#Health & Fitness
Weight-Loss Websites: The Right Way to Shed Pounds?
by Allie Firestone
If you’re looking to lose some unwanted weight, a special website could be the answer you’re looking for.
We’re all well aware of what it takes to lose weight: eating right, exercising, and … logging on? New weight-loss studies and a growing base of avid users suggest that online diet communities may be the virtual magic bullet when it comes to providing us with that extra push to give our lives a healthy makeover.
“I knew how to lose weight, but I just wasn’t doing it,” says Jackie Wicks, cofounder of PeerTrainer.com, of the sixty pounds she gained during her pregnancy. “But I knew if I had peer support, motivation, and guidance, I would have what it took to follow through.”
On her way to her goal weight, Wicks founded just such a place for women like her online. Since then, such communities have multiplied in popularity among people seeking weight-loss support. Intrigued, I decided to take a look at some popular online dieting sites, examining the unique weight-loss experience that they provide.
How They Work
Being the overachiever that I am, I enrolled in two diet websites: a subscription-based one, which cost me $18 a month for a minimum of three months, and a free one hosted by a popular women’s magazine.

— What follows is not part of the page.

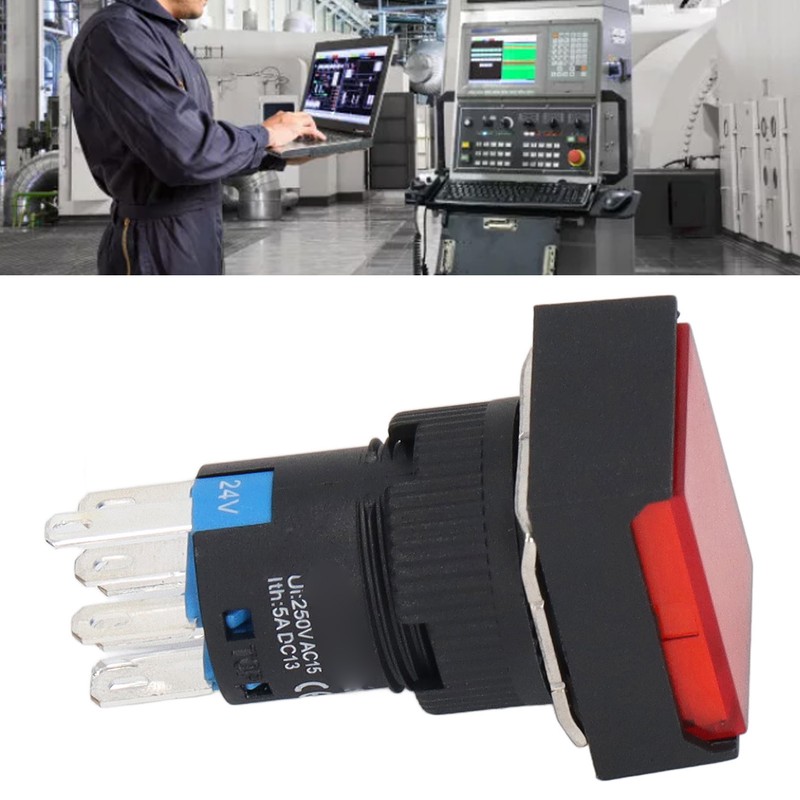 25 Pcs Push Button Switch Light Indicate Self Locking Long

These sites are growing by the day. For example, eDiets.com, one of the largest diet and healthy-living websites, boasts more than two million members and was voted Best of the Web in diet and nutrition by Forbes. It offers personalized diet plans, ranging from vegetarian to Atkins to the Suzanne Somers Weight Loss Plan, to complement customers’ specific needs and desires.
Membership generally includes weekly meal plans telling you what and when to eat, a virtual fitness trainer, online nutrition counseling, member chat rooms and message boards, and loads of information on weight loss, nutrition, exercise, and motivation.
First step? I filled out my member profiles, including my gender, goals, body type, and so forth. I immediately got information in return, including my BMI, a graph of my new timeline and goals, and a daily calorie guide.
Right away, I had a slew of opportunities at my fingertips: weekly virtual meetings, customized fitness plans, recipes, articles, expert advice, and forums in which to solicit advice from my fellow community members—24/7 support groups, chat rooms, and healthy-living experts. I also signed up for a mentor program that gave me thirty days of one-on-one support.
Right away, I felt both supported and accountable, and that seems to be the magic formula for success. Virtual communities’ round-the-clock feedback and support improve the outcomes for participants, says a Brown University study.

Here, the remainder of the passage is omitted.